Records to use
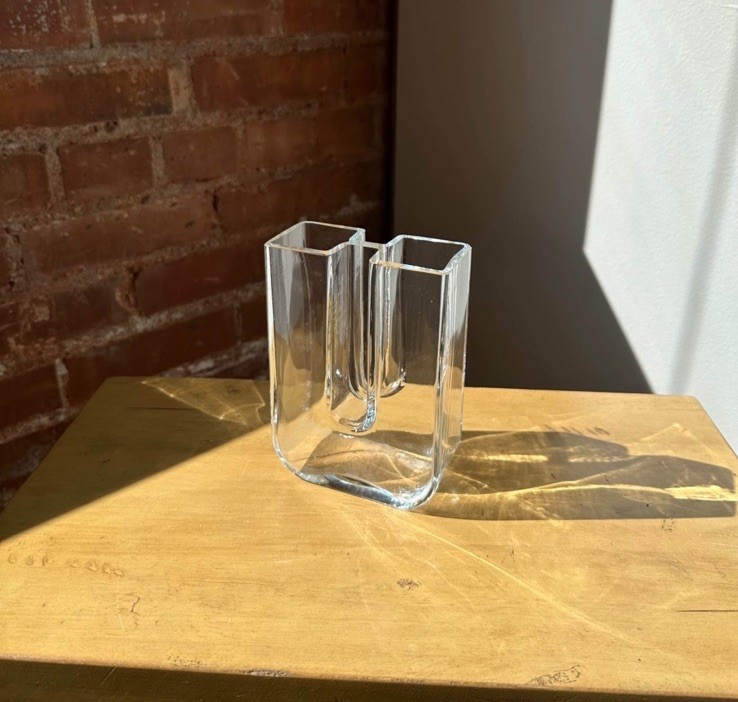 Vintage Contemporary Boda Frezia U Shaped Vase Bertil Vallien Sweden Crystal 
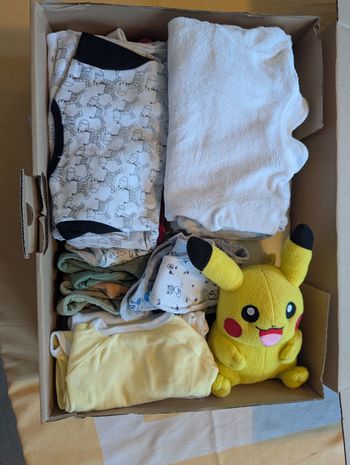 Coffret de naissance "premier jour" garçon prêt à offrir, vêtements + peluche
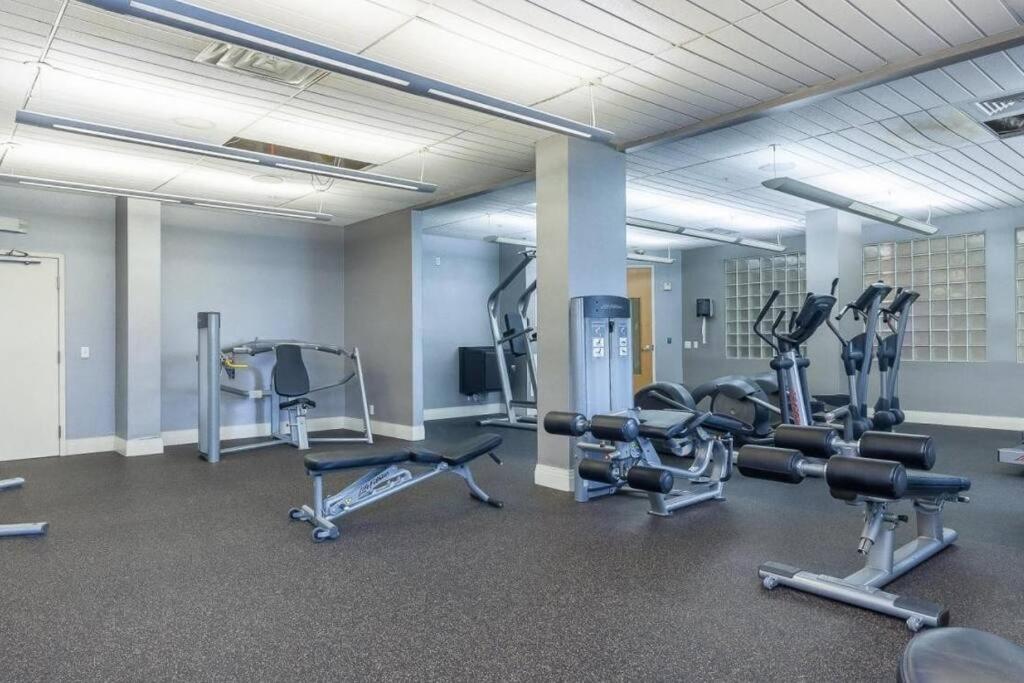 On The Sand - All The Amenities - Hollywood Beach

* * *

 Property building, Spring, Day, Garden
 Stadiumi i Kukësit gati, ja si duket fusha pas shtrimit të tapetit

...

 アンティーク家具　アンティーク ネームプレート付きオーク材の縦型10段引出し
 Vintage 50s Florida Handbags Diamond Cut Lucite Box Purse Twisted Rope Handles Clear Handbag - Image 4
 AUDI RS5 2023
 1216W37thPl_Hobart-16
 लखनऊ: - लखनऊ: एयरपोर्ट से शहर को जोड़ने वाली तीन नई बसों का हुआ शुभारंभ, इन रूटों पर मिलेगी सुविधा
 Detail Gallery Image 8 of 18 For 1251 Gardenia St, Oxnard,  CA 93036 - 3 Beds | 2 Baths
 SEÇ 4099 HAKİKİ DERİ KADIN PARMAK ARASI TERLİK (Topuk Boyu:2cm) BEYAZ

Task item
The answer should consist only of the lines above from the one with "Coffret de naissance" through the one with "On The Sand", repeated exactly, with no pictures among them.

Solution below
 Coffret de naissance "premier jour" garçon prêt à offrir, vêtements + peluche
 On The Sand - All The Amenities - Hollywood Beach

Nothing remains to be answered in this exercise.